Lacrime di pioggia nello stadio abbandonato

Pontiac Silverdome

Le navi naufragano per un attimo di distrazione. Capitani poco coraggiosi, troppo dediti a trastulli socialiti, si schiantano su alte montagne bianche, iceberg persi nell’oceano sciagurato. Oppure incontrano bassi fondali, scogli affioranti e mai segnati sulle mappe. Intere città così spariscono nel nulla, in un attimo, sfrangiate fra le onde turbinanti. Meglio sarebbe stato…Costruire sopra fondamenta solide ed immote. Ma c’è un altro tipo di catastrofe, molto più lenta, altrettanto irrecuperabile. Quella della marcescenza. Non basta la memoria per tenere a galla luoghi di una tale caratura, serve l’utilizzo assiduo. E dopo il collasso, viene la rovina. Di un augusto mausoleo, ma che dico, cupola di argentovivo – piena d’acqua impietosa. Roba da archeologi, come gli avventurieri di Detroiturbex, il portale che fotografa abusivamente le vestigia della grande Crisi.

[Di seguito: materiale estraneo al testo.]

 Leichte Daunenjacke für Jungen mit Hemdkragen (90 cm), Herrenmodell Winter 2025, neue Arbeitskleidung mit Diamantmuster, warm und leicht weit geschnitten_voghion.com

Pontiac non è solo un marchio di automobili, né il nome di un potente capo indiano, scomunicato dalle pagine statunitensi della storia. C’era e c’è una ridente cittadina, poco fuori Detroit, che si fregia di questo stesso appellativo fin dal remotissimo 1818, l’epoca di tardive colonie d’entroterra. Quindici soci di una grande compagnia, sotto la guida di Solomon Sibley, ne decretarono il successo urbano, creando magazzini, stabilimenti e posti di lavoro. Pionieri! Nacque giustappunto attorno ad una ricca industria, questa fervida comunità: fin da principio, in un tale luogo ricco di risorse naturali, si assemblavano strumenti di lavoro. Carri e carriole, catenacci e carrucole, titanici barili. Per un secolo durò una tale fama dei solerti costruttori, finché negli anni ’20 del XX, con gran sorpresa dell’intero mondo, non si scoprì che si poteva fare a meno del cavallo. Giunsero i motori, in generale, ed in particolare: la General Motors. Che qui fondò la prima fabbrica, nel bel mezzo di una penisola meridionale, tra le due del Michigan, stato di tempeste, nevi e piogge prepotenti.

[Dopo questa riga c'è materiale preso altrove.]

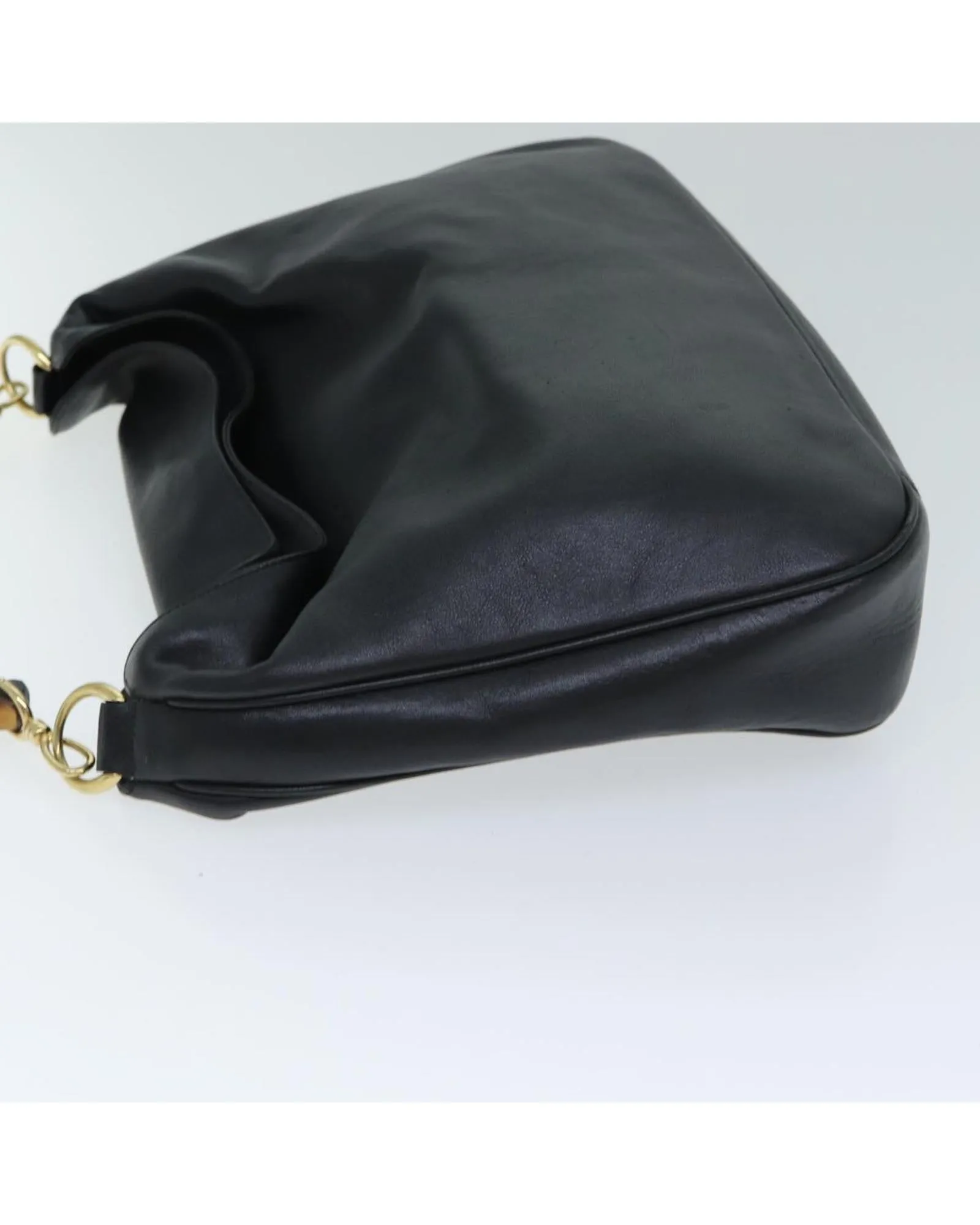 Bamboo Handle Leather Handbag with Shoulder Strap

Fu come un fuoco, un’esplosione. La neonata industria dei trasporti a motore, che qui ebbe da subito il suo polo nazionale, portò a un aumento vertiginoso di popolazione. Il volume degli affari era talmente grande, così preponderante, che si cercavano soluzioni nuove per l’investimento. Vie asfaltate oppure erbose, strade proprio come questa. Nel 1934, una cordata di facoltosi industriali decise che la regione si meritava una squadra di football, per il maggior prestigio dei presenti. Con i soldi della città intera dentro al portafoglio, molto presto la trovarono. Provenivano dall’Ohio, i Portsmouth Spartans, ed avevano una storia d’insuccessi e bancarotte. Con piglio scaramantico, i loro benefattori li ribattezzarono “I Leoni” o per meglio dire Detroit Lions, dando i giusti meriti alla città più forte, vasta e popolosa dei dintorni. Avevano dunque le belve, costoro, ma mancava ancora il giusto Colosseo. Si allenavano in principio, i malcapitati giocatori, nella spaziosa palestra della locale università. Poi ebbero qualche stadiuccio, in centro città, nulla di particolare. Finché non giunse un uomo, con un sogno ed un’idea: il suo nome era C. Don Davidson, atleta, soldato, architetto. Armato di una laurea conseguita presso la North Carolina State University, finanziata grazie ai meriti sportivi.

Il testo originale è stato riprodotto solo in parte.